Year: Team; 1; 2; 3; 4; 5; 6; 7; 8; 9; 10; 11; 12; 13; 14; 15; 16; Pos; Points
2021: Team Hardpoint EBM; SEB 1 6; SEB 2 3; AUS 1 4; AUS 2 3; WGL 1 4; WGL 2 7; ELK 1 3; ELK 2 7; IMS 1 3; IMS 2 12; IMS 3 2; VIR 1 3; VIR 2 2; ATL 1 4; ATL 2 25; ATL 3 3; 4th; 216
2022: Kelly-Moss Road and Race; SEB 1 3; SEB 2 2; LBH 1 6; LBH 2 29; LGA 1 3; LGA 2 2; WGL 1 2; WGL 2 2; TOR 1 3; TOR 2 3; ELK 1 7; ELK 2 10; IMS 1 2; IMS 2 1; ATL 1 5; ATL 2 2; 3rd; 264
2023: Kellymoss; SEB 1 1; SEB 2 1; LBH 1 1; LBH 2 3; MIA 1 1; MIA 2 1; WGL 1 2; WGL 2 2; ELK 1 1; ELK 2 1; IMS 1 1; IMS 2 1; LGA 1 36; LGA 2 2; AUS 1 1; AUS 2 1; 1st; 382

^{*} Season still in progress.

===Complete Porsche Supercup results===
(key) (Races in bold indicate pole position) (Races in italics indicate fastest lap)

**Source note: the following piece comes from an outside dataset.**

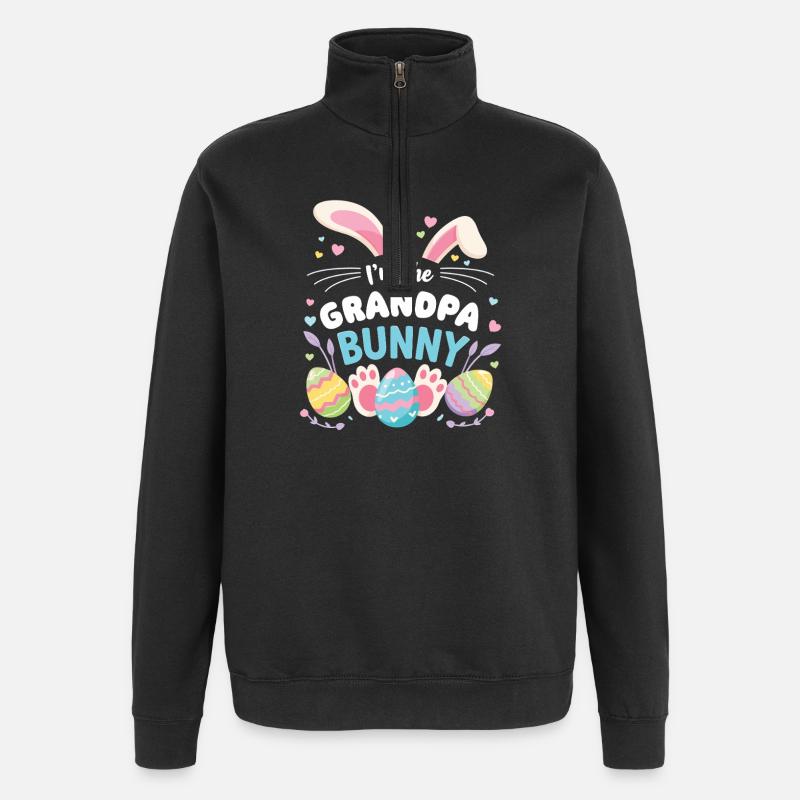 Je suis Papi Lapin Sweet - Sweat à zip 1/4 - noir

| Year | Team | 1 | 2 | 3 | 4 | 5 | 6 | 7 | 8 | Pos. | Points |
|---|---|---|---|---|---|---|---|---|---|---|---|
| 2022 | Kelly-Moss Road and Race | IMO | MON | SIL 15 | RBR | LEC | SPA | ZND | MNZ | NC† | 0 |

^{†} As Dickinson was a guest driver, he was ineligible to score points.